WHAT IS BEING ASKED -
The line that contains "Dylan Crews dio" marks the start. Please set it down, with every later line of the data, exactly and without pictures.

DATA EXTRACT -

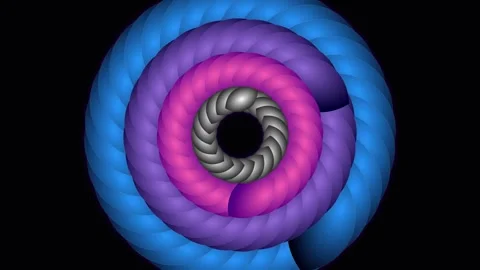 Abstract 3D spiral animation with rotating color rings 動画素材 346157798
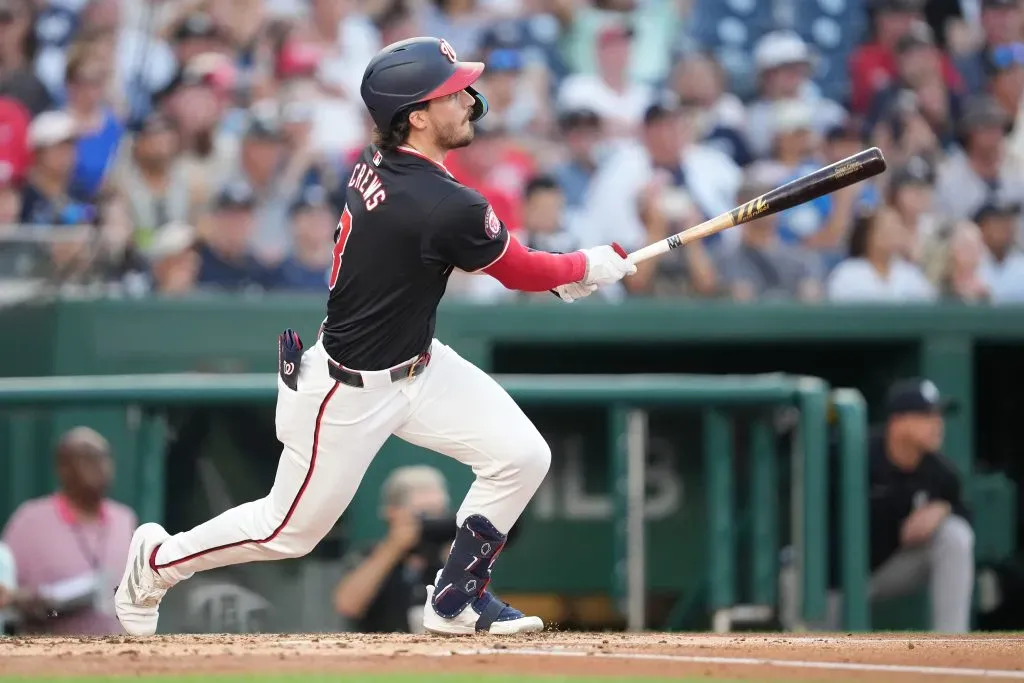 Dylan Crews dio su primer hit en Grandes Ligas ante Gerrit Cole y los Yankees | 27 de agosto 2024, Nationals Park (Getty Images)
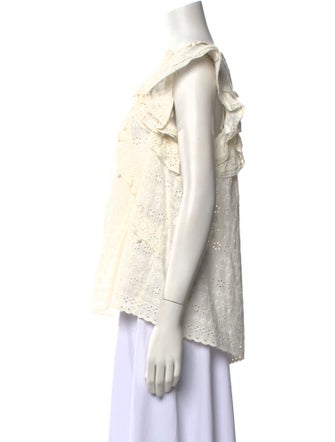 Sézane Scoop Neck Short Sleeve Blouse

WRITTEN SOLUTION -
 Dylan Crews dio su primer hit en Grandes Ligas ante Gerrit Cole y los Yankees | 27 de agosto 2024, Nationals Park (Getty Images)
 Sézane Scoop Neck Short Sleeve Blouse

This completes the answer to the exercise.